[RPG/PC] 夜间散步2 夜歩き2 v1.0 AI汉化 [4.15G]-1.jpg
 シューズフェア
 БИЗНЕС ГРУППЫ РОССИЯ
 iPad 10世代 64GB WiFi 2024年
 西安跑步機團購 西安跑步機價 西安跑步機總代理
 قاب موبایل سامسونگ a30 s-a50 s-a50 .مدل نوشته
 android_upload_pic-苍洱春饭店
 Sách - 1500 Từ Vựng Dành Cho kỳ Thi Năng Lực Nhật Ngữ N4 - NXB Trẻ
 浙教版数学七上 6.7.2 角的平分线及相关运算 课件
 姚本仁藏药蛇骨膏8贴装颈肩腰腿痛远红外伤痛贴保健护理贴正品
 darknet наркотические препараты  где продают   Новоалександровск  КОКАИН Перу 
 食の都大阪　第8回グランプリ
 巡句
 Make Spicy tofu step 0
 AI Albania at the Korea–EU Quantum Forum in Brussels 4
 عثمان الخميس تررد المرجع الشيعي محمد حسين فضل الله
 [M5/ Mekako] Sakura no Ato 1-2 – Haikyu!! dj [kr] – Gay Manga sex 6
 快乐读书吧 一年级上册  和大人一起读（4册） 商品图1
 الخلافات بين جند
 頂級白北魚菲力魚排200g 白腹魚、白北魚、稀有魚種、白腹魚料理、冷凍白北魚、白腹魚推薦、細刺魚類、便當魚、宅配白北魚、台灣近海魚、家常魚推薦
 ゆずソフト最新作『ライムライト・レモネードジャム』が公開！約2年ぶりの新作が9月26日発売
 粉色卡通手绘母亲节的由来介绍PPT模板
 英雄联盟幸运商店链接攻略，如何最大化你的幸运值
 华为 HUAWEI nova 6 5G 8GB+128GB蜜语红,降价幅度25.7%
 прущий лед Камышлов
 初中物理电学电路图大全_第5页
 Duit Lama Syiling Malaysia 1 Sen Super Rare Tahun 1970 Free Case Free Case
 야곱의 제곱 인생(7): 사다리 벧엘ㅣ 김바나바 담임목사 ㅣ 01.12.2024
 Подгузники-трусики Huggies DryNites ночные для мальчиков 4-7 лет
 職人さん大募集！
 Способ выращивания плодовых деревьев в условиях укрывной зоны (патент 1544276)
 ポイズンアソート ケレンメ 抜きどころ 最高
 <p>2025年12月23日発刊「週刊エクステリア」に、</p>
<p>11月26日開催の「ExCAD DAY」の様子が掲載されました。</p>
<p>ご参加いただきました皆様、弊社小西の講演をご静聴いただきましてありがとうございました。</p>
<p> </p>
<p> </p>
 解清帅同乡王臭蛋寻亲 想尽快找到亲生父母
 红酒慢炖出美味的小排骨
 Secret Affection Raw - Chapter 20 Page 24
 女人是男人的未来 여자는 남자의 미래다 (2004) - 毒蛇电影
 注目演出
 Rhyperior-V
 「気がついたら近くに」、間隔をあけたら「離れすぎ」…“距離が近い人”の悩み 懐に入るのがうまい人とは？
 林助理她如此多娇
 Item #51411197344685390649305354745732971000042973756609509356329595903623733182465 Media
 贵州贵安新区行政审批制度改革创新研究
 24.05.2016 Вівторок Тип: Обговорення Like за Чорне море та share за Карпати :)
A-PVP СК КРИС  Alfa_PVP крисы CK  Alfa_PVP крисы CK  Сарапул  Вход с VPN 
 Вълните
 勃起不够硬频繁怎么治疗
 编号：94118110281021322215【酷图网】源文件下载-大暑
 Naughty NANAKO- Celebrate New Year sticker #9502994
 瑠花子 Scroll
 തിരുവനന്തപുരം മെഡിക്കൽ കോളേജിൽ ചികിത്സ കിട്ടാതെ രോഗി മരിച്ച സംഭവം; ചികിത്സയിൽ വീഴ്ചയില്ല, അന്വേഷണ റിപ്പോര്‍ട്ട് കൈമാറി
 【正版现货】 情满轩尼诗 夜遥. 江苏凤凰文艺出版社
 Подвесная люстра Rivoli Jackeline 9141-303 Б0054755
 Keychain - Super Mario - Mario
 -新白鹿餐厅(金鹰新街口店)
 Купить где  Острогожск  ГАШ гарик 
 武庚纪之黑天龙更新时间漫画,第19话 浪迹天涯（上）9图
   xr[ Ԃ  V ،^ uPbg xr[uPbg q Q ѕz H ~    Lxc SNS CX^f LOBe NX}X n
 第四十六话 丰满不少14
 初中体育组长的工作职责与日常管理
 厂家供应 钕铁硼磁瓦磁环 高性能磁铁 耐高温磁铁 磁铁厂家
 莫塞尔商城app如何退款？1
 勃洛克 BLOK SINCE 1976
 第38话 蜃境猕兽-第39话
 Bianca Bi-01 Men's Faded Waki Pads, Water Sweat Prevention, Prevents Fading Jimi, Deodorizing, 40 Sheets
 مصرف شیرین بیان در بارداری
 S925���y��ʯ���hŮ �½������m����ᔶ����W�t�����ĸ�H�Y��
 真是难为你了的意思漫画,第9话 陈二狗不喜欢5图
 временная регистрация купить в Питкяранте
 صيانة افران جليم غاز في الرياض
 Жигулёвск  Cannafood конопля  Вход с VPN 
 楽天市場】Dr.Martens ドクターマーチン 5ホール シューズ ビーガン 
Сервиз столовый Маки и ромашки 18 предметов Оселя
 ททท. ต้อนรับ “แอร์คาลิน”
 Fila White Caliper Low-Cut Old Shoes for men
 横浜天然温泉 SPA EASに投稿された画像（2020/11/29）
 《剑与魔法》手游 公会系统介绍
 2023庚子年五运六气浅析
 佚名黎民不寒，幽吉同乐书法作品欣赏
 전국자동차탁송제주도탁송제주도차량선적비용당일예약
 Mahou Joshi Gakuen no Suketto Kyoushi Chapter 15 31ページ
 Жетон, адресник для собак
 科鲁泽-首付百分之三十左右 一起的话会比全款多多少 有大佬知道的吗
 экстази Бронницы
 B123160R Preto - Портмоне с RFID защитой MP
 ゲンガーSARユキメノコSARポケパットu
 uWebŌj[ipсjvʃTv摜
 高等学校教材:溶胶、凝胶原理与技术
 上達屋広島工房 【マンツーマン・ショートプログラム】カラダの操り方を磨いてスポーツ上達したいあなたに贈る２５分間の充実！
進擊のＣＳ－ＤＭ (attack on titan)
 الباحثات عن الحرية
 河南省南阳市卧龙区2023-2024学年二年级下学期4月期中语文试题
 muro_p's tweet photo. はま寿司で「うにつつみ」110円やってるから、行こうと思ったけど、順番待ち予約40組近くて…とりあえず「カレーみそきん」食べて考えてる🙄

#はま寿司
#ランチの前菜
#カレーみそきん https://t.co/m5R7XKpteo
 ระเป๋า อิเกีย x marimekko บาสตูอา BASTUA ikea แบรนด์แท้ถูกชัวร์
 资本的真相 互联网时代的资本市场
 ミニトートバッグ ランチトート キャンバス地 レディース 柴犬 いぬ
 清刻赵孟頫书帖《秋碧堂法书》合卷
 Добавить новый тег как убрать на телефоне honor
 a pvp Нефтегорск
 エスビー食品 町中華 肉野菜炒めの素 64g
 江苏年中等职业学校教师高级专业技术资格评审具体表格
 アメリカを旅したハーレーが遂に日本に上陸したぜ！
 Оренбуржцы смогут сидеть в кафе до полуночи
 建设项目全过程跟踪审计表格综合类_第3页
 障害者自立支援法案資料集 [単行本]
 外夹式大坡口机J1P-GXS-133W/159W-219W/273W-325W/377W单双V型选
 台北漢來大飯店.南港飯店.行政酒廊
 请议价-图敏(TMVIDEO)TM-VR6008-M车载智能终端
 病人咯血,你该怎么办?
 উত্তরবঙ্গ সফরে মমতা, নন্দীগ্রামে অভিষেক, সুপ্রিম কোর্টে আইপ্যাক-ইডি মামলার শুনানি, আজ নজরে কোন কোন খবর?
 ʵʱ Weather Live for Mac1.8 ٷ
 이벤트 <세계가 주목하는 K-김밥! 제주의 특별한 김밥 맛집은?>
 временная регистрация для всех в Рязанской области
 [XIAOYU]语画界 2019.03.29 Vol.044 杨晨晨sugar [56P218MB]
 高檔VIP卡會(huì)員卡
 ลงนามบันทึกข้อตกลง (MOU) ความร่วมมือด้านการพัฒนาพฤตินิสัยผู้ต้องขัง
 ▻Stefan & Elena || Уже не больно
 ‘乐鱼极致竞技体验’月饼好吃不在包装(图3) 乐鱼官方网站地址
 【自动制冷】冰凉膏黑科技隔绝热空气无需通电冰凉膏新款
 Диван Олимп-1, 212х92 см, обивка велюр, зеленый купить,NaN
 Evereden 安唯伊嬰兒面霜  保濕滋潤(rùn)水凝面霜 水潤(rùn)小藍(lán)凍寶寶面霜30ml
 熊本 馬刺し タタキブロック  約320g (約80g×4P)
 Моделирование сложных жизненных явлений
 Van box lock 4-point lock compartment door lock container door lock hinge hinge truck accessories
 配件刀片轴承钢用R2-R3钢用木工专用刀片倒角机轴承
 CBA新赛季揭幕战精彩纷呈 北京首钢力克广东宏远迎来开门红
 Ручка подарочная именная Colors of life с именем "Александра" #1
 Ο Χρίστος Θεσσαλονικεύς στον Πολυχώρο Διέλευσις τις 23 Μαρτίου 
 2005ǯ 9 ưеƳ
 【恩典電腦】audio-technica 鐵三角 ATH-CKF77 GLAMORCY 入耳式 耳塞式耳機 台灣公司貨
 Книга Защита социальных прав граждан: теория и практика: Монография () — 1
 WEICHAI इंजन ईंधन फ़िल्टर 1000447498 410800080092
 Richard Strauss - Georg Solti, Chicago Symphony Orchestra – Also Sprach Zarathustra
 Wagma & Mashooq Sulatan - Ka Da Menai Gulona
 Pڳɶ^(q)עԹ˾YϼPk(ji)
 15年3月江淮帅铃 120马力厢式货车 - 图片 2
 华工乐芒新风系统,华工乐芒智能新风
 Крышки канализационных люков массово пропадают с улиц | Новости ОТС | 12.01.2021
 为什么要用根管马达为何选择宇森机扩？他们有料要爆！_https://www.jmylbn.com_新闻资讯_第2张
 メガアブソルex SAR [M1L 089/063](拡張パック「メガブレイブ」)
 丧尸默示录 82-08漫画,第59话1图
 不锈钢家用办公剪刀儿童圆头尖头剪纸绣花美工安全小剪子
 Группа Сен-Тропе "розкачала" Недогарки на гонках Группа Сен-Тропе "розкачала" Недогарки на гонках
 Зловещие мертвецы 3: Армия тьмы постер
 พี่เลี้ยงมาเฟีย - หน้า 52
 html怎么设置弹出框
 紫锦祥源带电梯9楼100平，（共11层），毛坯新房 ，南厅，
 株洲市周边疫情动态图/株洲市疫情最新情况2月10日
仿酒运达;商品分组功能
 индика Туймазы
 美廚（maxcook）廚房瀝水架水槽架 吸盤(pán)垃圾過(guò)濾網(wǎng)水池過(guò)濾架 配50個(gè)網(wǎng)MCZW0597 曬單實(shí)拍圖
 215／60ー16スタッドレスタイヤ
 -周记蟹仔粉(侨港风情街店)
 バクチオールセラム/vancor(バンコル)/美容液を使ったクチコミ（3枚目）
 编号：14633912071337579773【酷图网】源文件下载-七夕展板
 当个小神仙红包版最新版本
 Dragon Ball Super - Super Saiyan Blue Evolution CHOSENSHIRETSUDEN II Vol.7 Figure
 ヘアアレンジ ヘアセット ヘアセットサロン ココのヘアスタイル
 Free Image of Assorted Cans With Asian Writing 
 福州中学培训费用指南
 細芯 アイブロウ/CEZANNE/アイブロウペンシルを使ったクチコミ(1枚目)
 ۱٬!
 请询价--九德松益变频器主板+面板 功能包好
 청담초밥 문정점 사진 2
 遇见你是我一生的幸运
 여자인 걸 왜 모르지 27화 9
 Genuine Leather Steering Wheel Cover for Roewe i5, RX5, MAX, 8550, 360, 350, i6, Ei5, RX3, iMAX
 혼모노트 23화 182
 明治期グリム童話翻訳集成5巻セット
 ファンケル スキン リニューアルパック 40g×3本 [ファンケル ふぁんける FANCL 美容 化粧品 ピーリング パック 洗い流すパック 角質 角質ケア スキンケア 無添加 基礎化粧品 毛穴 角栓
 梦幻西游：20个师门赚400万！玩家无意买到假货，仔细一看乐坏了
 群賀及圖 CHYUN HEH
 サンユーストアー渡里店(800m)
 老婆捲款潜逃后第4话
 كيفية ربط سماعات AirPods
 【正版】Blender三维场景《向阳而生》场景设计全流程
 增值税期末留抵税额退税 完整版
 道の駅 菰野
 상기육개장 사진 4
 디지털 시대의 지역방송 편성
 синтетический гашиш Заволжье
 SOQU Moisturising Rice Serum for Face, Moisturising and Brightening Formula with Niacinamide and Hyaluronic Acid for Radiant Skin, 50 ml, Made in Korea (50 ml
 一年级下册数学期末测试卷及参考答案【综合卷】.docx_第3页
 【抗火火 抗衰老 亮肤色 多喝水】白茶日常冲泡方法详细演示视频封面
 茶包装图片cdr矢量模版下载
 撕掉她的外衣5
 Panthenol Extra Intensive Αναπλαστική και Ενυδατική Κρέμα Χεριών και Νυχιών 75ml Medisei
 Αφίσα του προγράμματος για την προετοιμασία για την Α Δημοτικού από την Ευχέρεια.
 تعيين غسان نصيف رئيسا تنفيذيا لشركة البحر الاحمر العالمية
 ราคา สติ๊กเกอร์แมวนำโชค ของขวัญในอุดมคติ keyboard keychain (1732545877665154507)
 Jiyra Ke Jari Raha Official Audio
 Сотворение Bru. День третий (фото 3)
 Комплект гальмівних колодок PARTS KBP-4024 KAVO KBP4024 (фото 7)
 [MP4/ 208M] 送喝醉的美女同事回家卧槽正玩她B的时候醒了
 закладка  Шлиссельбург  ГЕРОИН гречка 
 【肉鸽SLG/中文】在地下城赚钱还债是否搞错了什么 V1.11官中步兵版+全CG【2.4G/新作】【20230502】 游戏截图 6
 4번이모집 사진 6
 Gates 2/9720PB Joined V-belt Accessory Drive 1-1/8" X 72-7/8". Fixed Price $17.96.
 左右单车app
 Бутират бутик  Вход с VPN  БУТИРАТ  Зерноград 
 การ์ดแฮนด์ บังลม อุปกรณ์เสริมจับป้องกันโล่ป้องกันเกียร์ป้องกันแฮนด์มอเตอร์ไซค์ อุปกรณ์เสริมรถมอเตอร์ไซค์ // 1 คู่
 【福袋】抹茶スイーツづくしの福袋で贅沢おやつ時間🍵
****************
_What the exercise asks_
In the listing above, please print only the lines from the first one to the line where "Sách - 1500" appears, exactly as written, both of those lines included.

_The completed task_
[RPG/PC] 夜间散步2 夜歩き2 v1.0 AI汉化 [4.15G]-1.jpg
 シューズフェア
 БИЗНЕС ГРУППЫ РОССИЯ
 iPad 10世代 64GB WiFi 2024年
 西安跑步機團購 西安跑步機價 西安跑步機總代理
 قاب موبایل سامسونگ a30 s-a50 s-a50 .مدل نوشته
 android_upload_pic-苍洱春饭店
 Sách - 1500 Từ Vựng Dành Cho kỳ Thi Năng Lực Nhật Ngữ N4 - NXB Trẻ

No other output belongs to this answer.